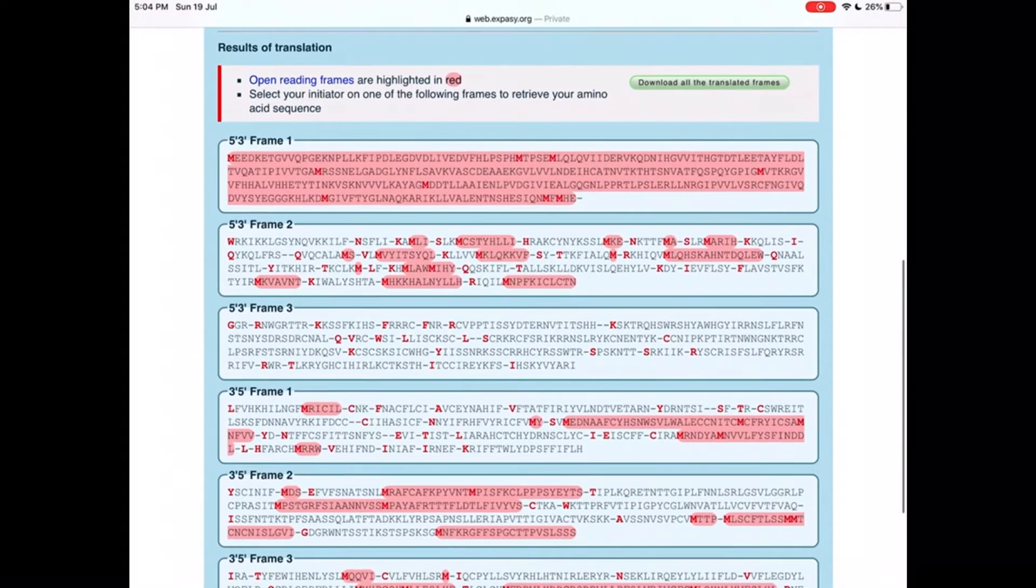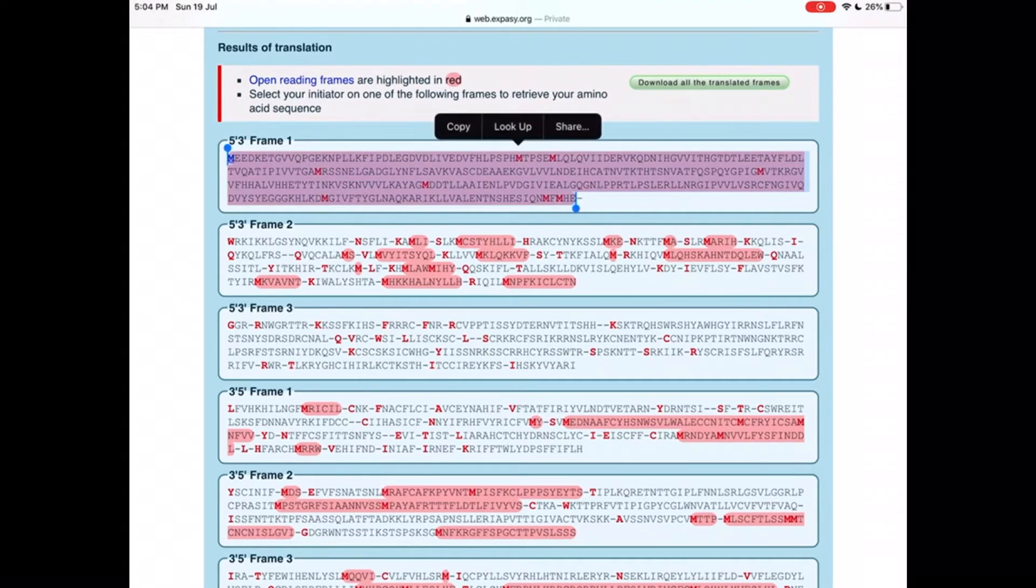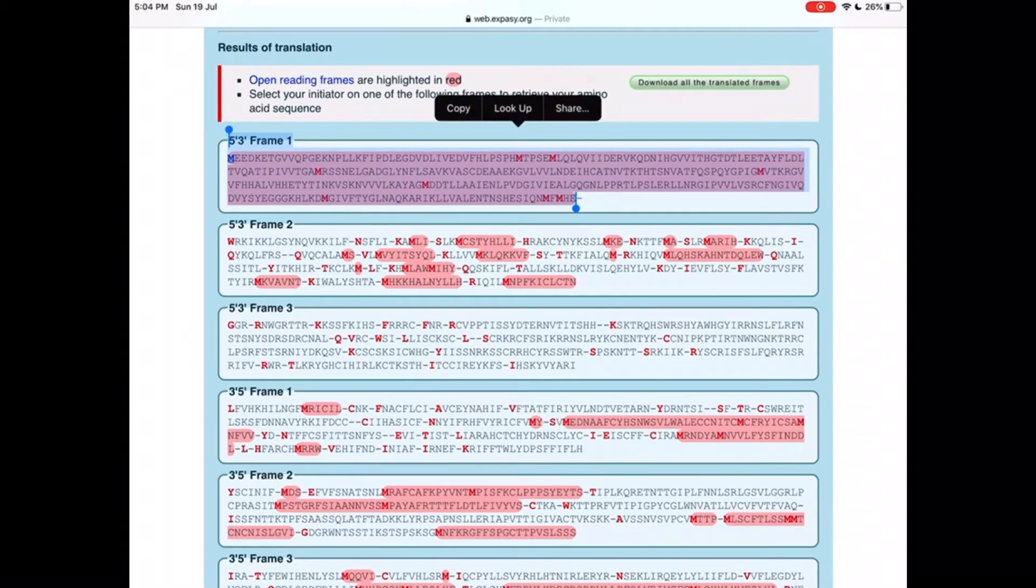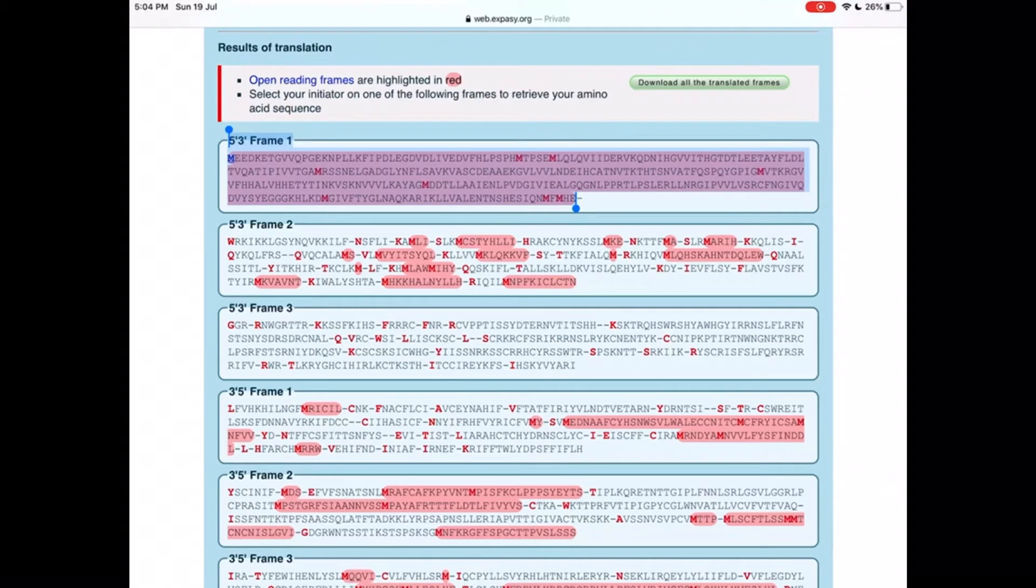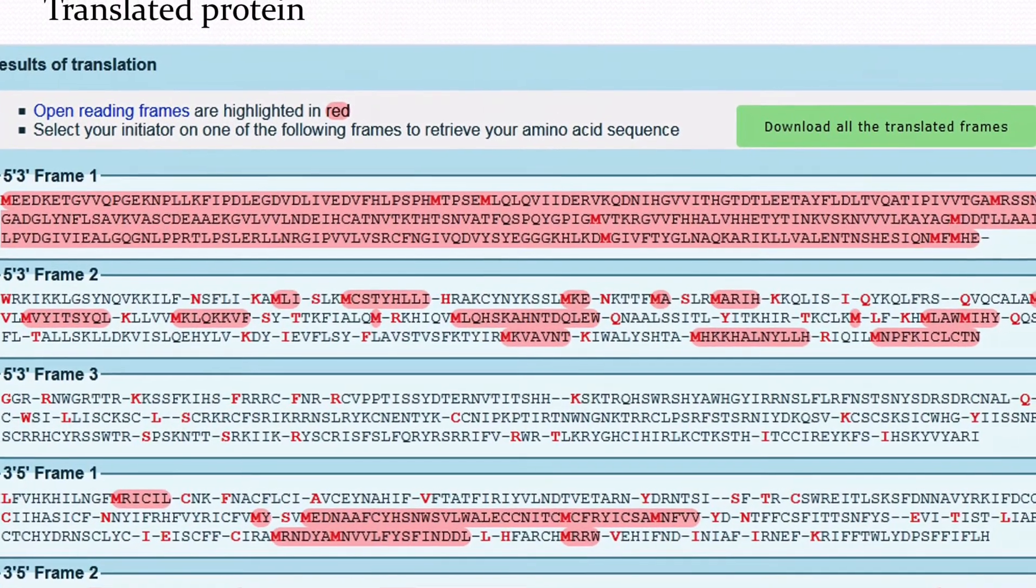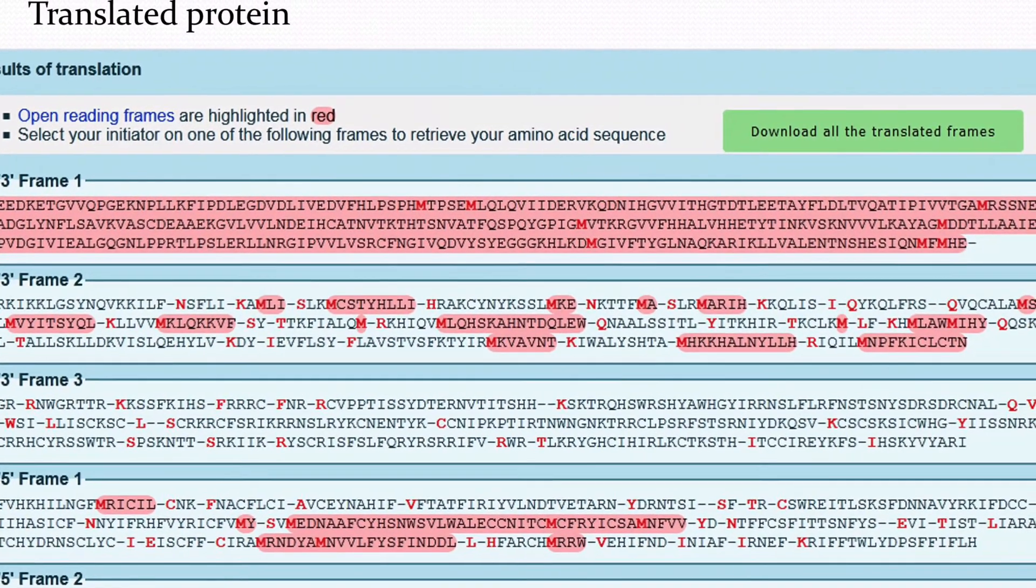So this 5' to 3' frame 1 is the amino acid sequence that corresponds to the DNA sequence we have given.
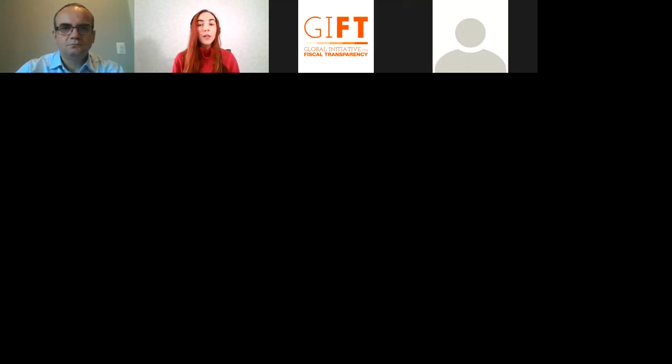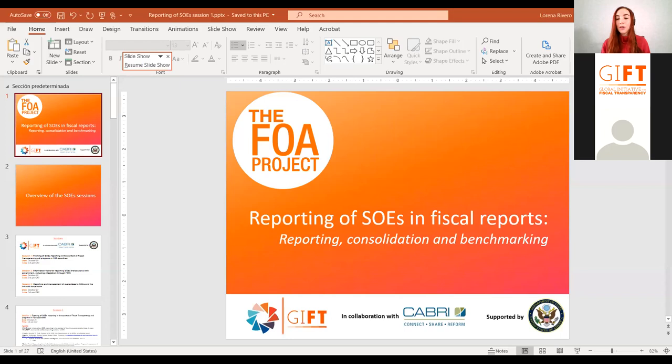You should be able to hear us in both French and English. As mentioned last Tuesday, this topic of SOEs has come to the attention and relevance of the Fiscal Openness Accelerator project because of the challenges it presents — from identification to consolidation. It's not straightforward and has a lot of historical and ongoing challenges, so we decided to have three sessions on reporting of SOEs.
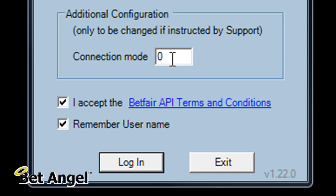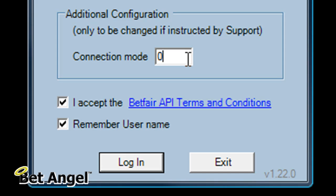If you read the manual, the user guide on BetAngel Professional, you will find that we have information in there regarding the connection mode so that will allow you to play around. But the concept of the connection mode is basically to optimize the speed and reliability of the connection that you have to Betfair.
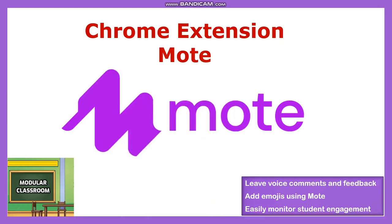Welcome to Modular Classroom. Today, in this video, we will see one of the most useful Chrome extensions, Mote.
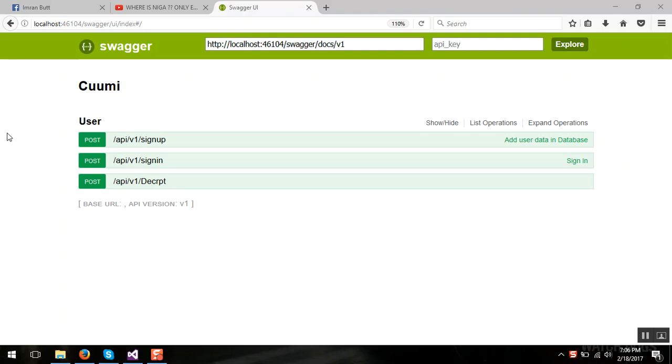Hi guys, I am Imran Amhashayat from Pakistan and today I am going to show you how you can integrate Swagger in ASP.NET Web API 2.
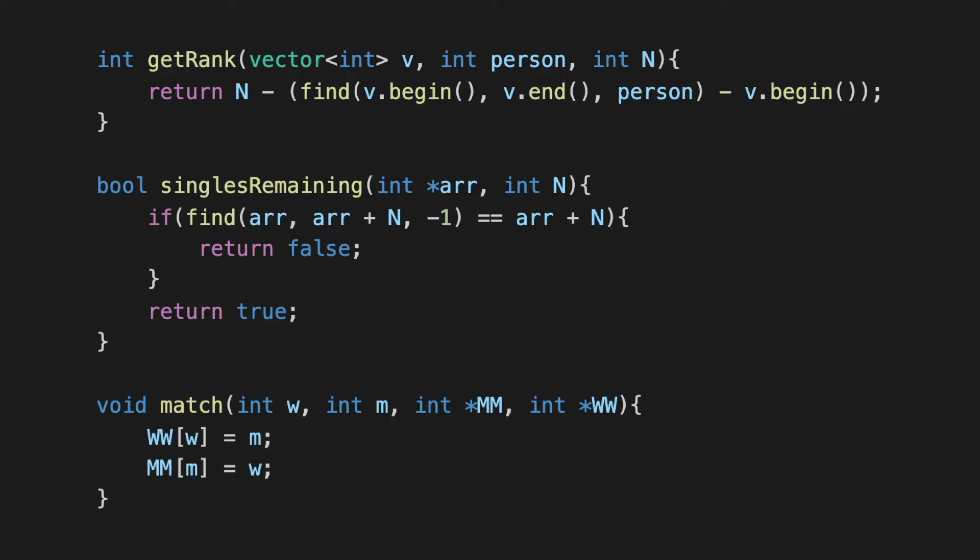Now the match function essentially updates the engagements array to reflect that a particular man got matched with a particular woman. So this again is really simple. You need to go to the w-th index in the woman's engagement array and make sure that that is updated to m, and you need to go to the m-th index in the men's engagement array and make sure that that's updated to w. Again you could make a choice here about whether you want to reflect the true identity of the person or do you want to use the index that you are going to be using, which is going to be essentially the identity -1. Again, whatever you do is fine as long as you're consistent in your code and how you use it.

## Work instruction
What is needed is an exact copy of only the lines above from the one with "You should be" to the one with "Welcome to Modular", both kept, with every picture left out.

## Result
You should be able to hear us in both French and English. As mentioned last Tuesday, this topic of SOEs has come to the attention and relevance of the Fiscal Openness Accelerator project because of the challenges it presents — from identification to consolidation. It's not straightforward and has a lot of historical and ongoing challenges, so we decided to have three sessions on reporting of SOEs.
If you read the manual, the user guide on BetAngel Professional, you will find that we have information in there regarding the connection mode so that will allow you to play around. But the concept of the connection mode is basically to optimize the speed and reliability of the connection that you have to Betfair.
Welcome to Modular Classroom. Today, in this video, we will see one of the most useful Chrome extensions, Mote.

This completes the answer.